The records:
[Start of section]

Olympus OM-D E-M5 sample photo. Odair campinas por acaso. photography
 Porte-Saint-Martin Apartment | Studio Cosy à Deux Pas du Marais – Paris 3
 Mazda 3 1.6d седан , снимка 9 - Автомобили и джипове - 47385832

[End of section]
[Start of section]

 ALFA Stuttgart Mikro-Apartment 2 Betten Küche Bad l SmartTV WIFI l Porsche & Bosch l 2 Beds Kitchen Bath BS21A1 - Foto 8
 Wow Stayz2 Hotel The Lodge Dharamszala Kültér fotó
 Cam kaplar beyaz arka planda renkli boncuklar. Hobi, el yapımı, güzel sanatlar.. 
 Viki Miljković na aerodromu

[End of section]

Assigned task: From the data above, return every line from the line that has "Cam kaplar beyaz" up to and including the line that has "Viki Miljković na aerodromu", exactly.

Completed exercise:
 Cam kaplar beyaz arka planda renkli boncuklar. Hobi, el yapımı, güzel sanatlar.. 
 Viki Miljković na aerodromu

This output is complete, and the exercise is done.